Am nächsten Morgen erschienen die Hochzeitsgäste in solch großer Anzahl, dass sie in der Wohnung des Häuptlings kaum Platz finden konnten. Dicht vor dem Eingang hatten sie einen geräumigen Platz für die Tänzer geebnet; aber ehe die Lustbarkeiten begannen, trat ein Krieger hervor, der unter keiner Bedingung zugeben wollte, dass die schöne Häuptlingstochter von einem Fremden heimgeführt würde. Er hatte die Gestalt des mächtigen Zauberers Tschepichkalm angenommen und wollte das Mädchen ohne Weiteres aus dem Wigwam holen.

Der Hamsterhäuptling rief ihm zu: »Was willst du hier?« Da er keine Antwort erhielt, so schlug er ihm mit seinem Tomahawk den Kopf ab, zerhackte seinen Körper in kleine Stücke und warf sie aus dem Wigwam, wobei die Hochzeitsgäste ruhig zusahen.

Als sie sich am Hochzeitsschmaus recht gütlich getan hatten, befahl Keukw den jungen Leuten, die Spiele zu beginnen. Zuerst sollte ein Mann mit dem Gefährten des Hamsters um die Wette laufen. Jeder musste dabei einen Topf voll Wasser tragen, um zu sehen, wer am ruhigsten bliebe. Beide liefen nun in aller Eile um die Erde. Der Freund des kleinen Donners blieb Sieger, da er als Erster zurück war und keinen Tropfen verschüttet hatte, während der andere Läufer kaum einen halben Topf voll zurückbrachte. Danach begann das Wettringen. Ein starker Holzhacker wurde herbeigeführt, aber er wurde vom Baumfäller der Abenteurer mit solcher Gewalt gegen einen Felsen geschleudert, dass kein Knochen an ihm ganz blieb.

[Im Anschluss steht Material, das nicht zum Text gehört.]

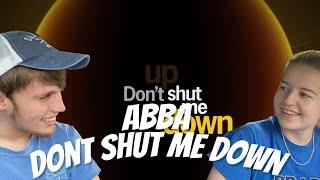 THIS IS INCREDIBLE! | TCC REACTS TO ABBA - Don't Shut Me Down (Lyric Video)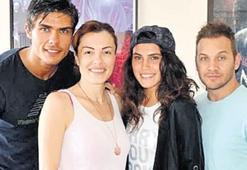 Serenay’a Miray şoku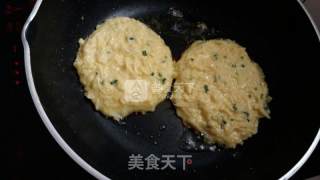 香煎土豆丝饼的做法步骤：3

Danach endeten die Spiele.

Der kleine Donner nahm seine Braut und begab sich auf den Heimweg. Aber die Gefahren waren noch nicht vorüber, denn die Krieger und Zauberer des fernen Westens hatten sich fest vorgenommen, den ihnen angetanen Schimpf durch Vernichtung der fremden Eindringlinge zu rächen. Kaum hatten sich dieselben in ihre Kanu gesetzt, als jene einen schrecklichen Sturm heraufbeschworen. Aber der Hamsterhäuptling befahl seinem Blaser, die Nasenlöcher zu öffnen und einen Gegensturm loszulassen. Dieser war so mächtig, dass sich ihre Feinde, so schnell wie sie konnten, vom Ufer entfernten. Die Gefahren, welche ihnen auf der Hinreise begegneten, hatten sie auch auf der Heimreise zu überwinden. Der große Biber erschien wieder an seinem alten Platz und ließ sich auch diesmal durch Kikwajus Musik friedlich stimmen. Glücklich kamen sie endlich wieder in der Hütte Gluskaps an. Derselbe freute sich sehr über den erfolgreichen Ausgang ihres Unternehmens und bat sie, noch einen Tag bei ihm zu bleiben und die Hochzeit noch einmal zu feiern. Da sie damit einverstanden waren, so musste sich der kleine Marder waschen und in seine besten Kleider stecken und seine zahlreichen Freunde, die Wiggnladummuchkik oder Elfen, einladen. Jene erschienen auch bald in festlichem Schmuck und labten sich an den köstlichen Speisen, die Gluskaps Haushälterin inzwischen hergerichtet hatte. Danach wurde bis zum anderen Morgen getanzt. Der alte Gluskap tanzte bis zu allerletzt mit. Mit dem ersten Sonnenstrahl verschwanden die Elfen und die Abenteurer reisten nach Hause.

Der Läufer, der Blaser und der Hamsterhäuptling verließen die Gesellschaft nach und nach. Kaktugwak, der alte Donner, rieb sich vor Freude die Hände, seinen kleinen Donner mit der hübschen Tochter Keukws wohlbehalten wieder bei sich zu sehen.